Methods:  Human primary keratinocytes were stimulated with TLR-2 ligands (Pam3Cys, lipoteichoic acid and peptidoglycan), or Th1 and Th2 associated cytokines (IFN-γ and IL-4), respectively. IL-31R expression and regulation as well as functional effects of IL-31 stimulation were then investigated at both the mRNA and protein level and compared with HPKs from patients with AD. The STAT signalling pathway and TLR-2 expression were investigated using Western blot and Immunohistochemical stainings, respectively.
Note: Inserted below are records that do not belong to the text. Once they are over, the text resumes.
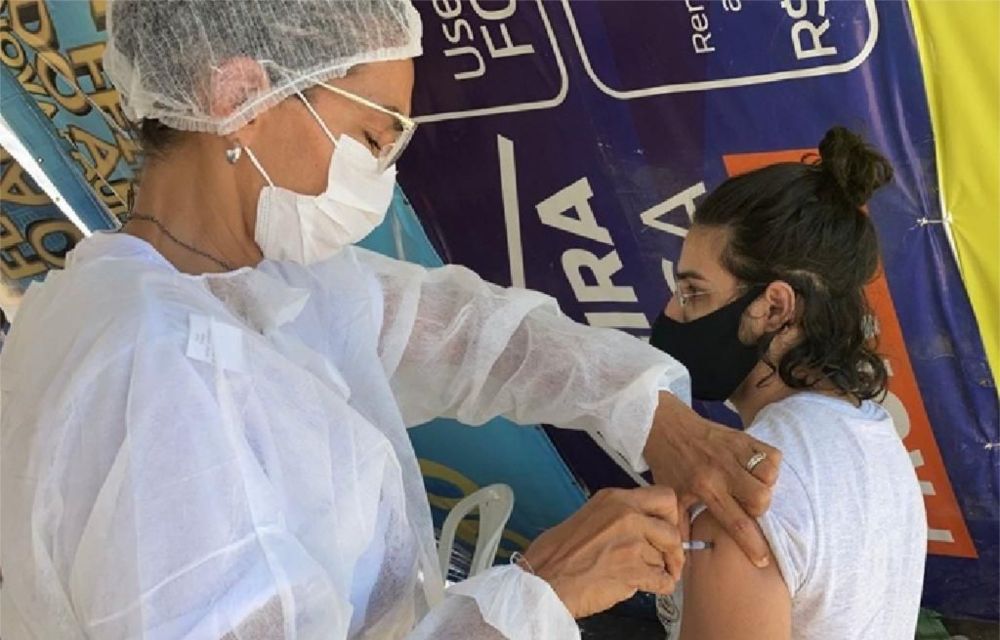 Paulista passa a vacinar maiores de 18 anos no sábado (28)
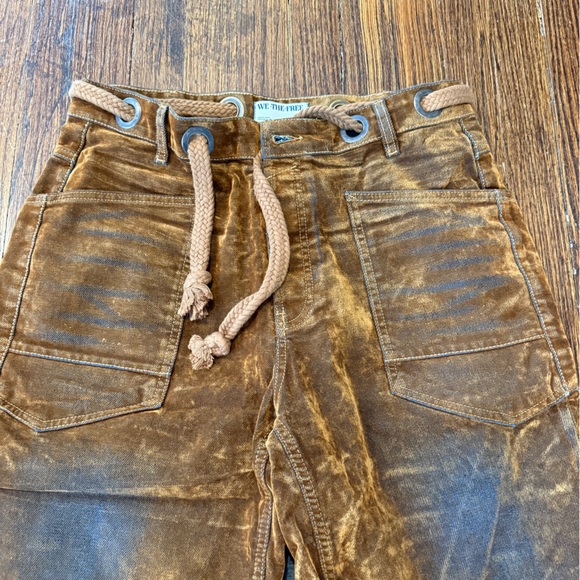 Free People "We The Free" Moxie flocked pull-on barrel jeans brown velvet - Picture 12 of 15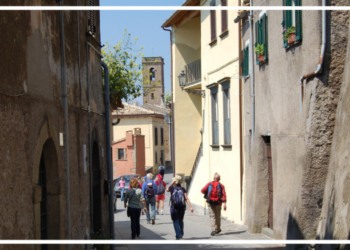 Scoprire il borgo di Lubriano e la magnifica terrazza sulla Valle dei Calanchi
Results:  Pam3Cys or IFN-γ significantly up-regulated IL-31RA and OSMR expression. IL-31 activated STAT-3 phosphorylation in HPKs which was augmented after preactivation with Pam3Cys or IFN-γ. IL-31 enhanced the secretion of CCL2 after up-regulation of the receptor with Pam3Cys or IFN-γ. However, this was not observed in keratinocytes from AD patients where an impaired TLR-2 expression was found.

Conclusions:  Together, our findings show a functional role of IL-31 in HPKs and provide a new link between TLR-2 ligands and IL-31 which might be dysregulated in AD. Altered function of IL-31 may have implications for cutaneous inflammation in eczema where skin colonization with Staphylococcus aureus and dysregulation of TLR-2 have been described.